| WHAT YOU NEED TO DO |
Retype the records below word for word and omit any image.
SUPPLIED INFORMATION Block Start
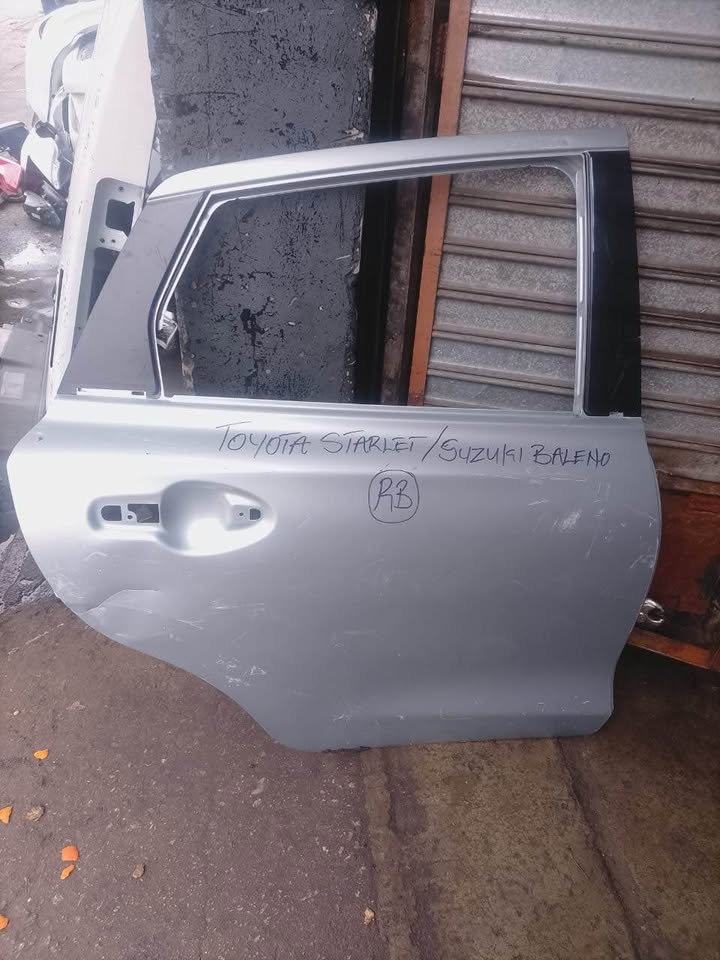 Toyota Starlet/ Suzuki Baleno Right back door - Private Seller Toyota Starlet/ Suzuki Baleno Right back door - Private Seller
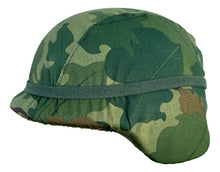  Mike's Militaria Vietnam Mitchell Pattern Reversible Camo Helmet Cover
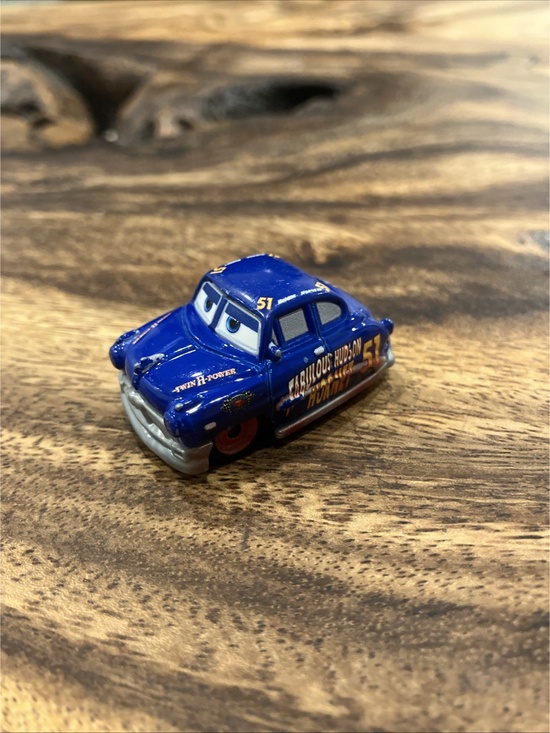 Mattel Other - Disney Pixar Cars Fabulous Doc Hudson Hornet Mini Racers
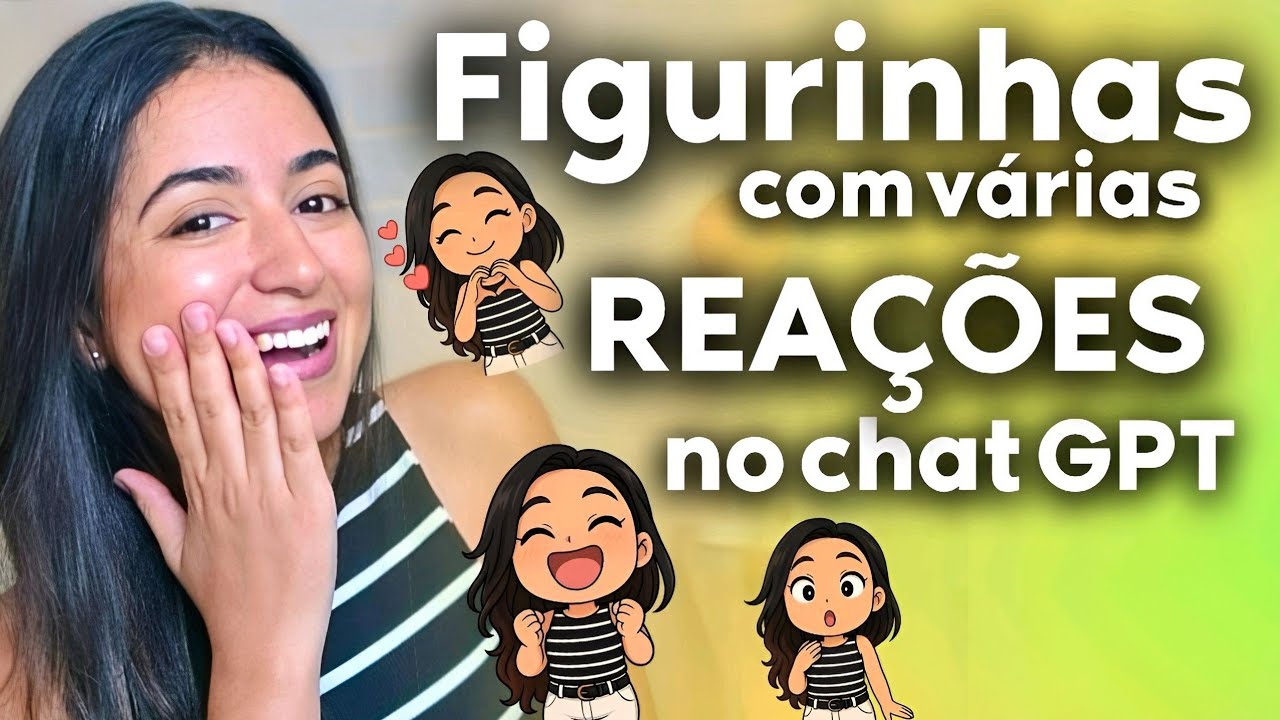 Como criar FIGURINHAS personalizadas com sua cara para Instagram e WhatsApp | GRÁTIS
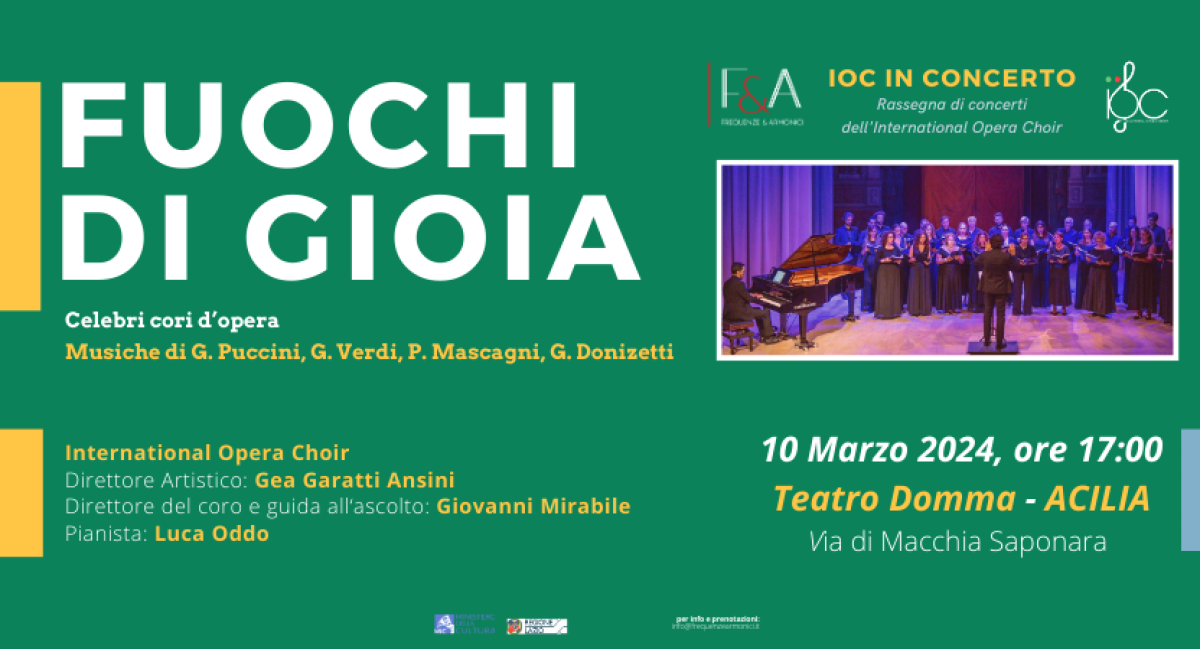 FUOCHI DI GIOIA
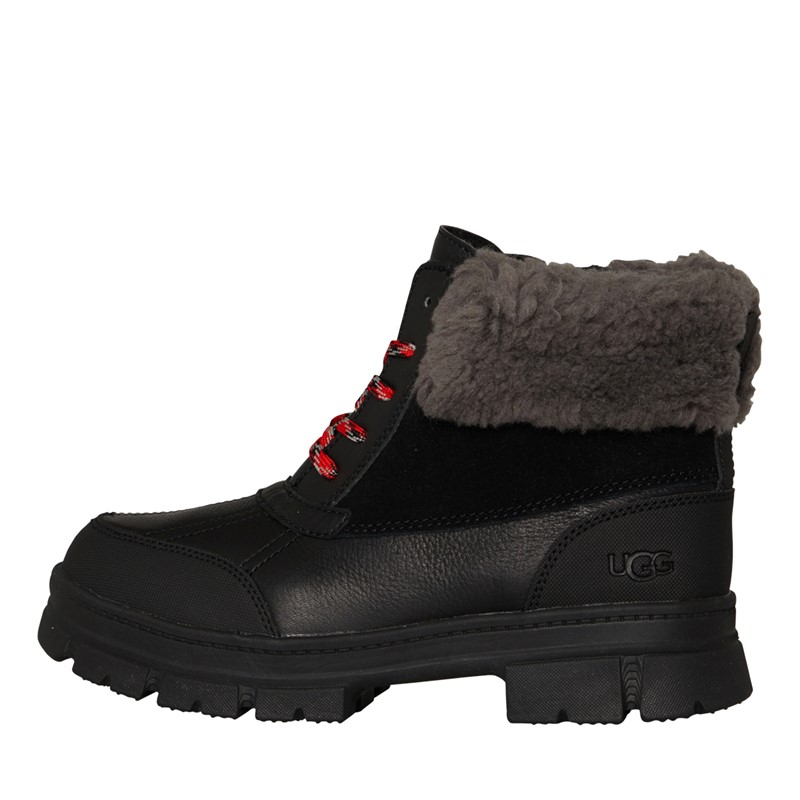 UGG® Junior Girls Ashton Addie Boots Black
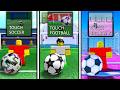 I Played EVERY Touch Football Game On Roblox
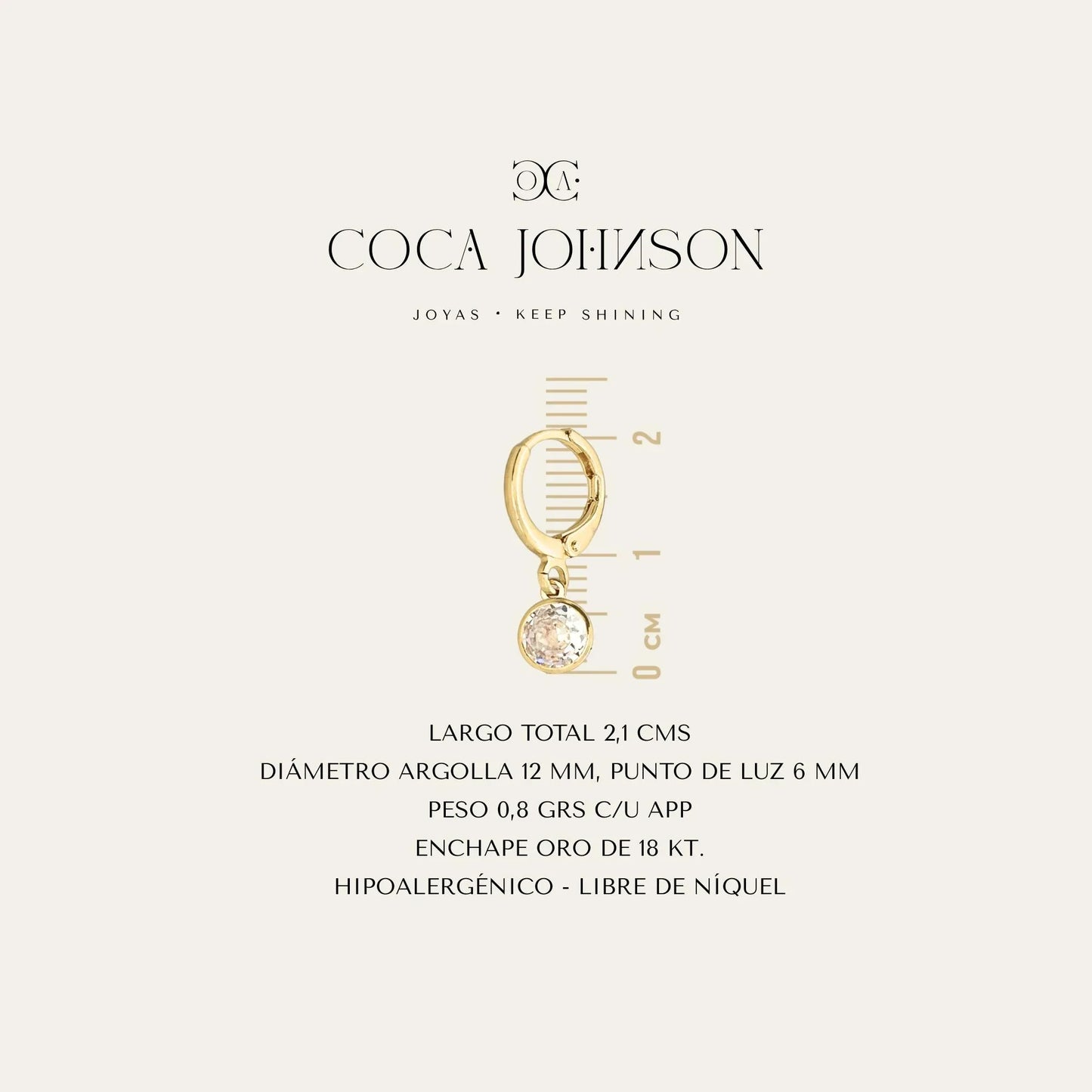 Aros_Camila_Caracteristicas_Tecnicas_Resumen - Coca Johnson Joyas - Chile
SUPPLIED INFORMATION Block End
| EXERCISE SOLUTION |
 Toyota Starlet/ Suzuki Baleno Right back door - Private Seller Toyota Starlet/ Suzuki Baleno Right back door - Private Seller
  Mike's Militaria Vietnam Mitchell Pattern Reversible Camo Helmet Cover
 Mattel Other - Disney Pixar Cars Fabulous Doc Hudson Hornet Mini Racers
 Como criar FIGURINHAS personalizadas com sua cara para Instagram e WhatsApp | GRÁTIS
 FUOCHI DI GIOIA
 UGG® Junior Girls Ashton Addie Boots Black
 I Played EVERY Touch Football Game On Roblox
 Aros_Camila_Caracteristicas_Tecnicas_Resumen - Coca Johnson Joyas - Chile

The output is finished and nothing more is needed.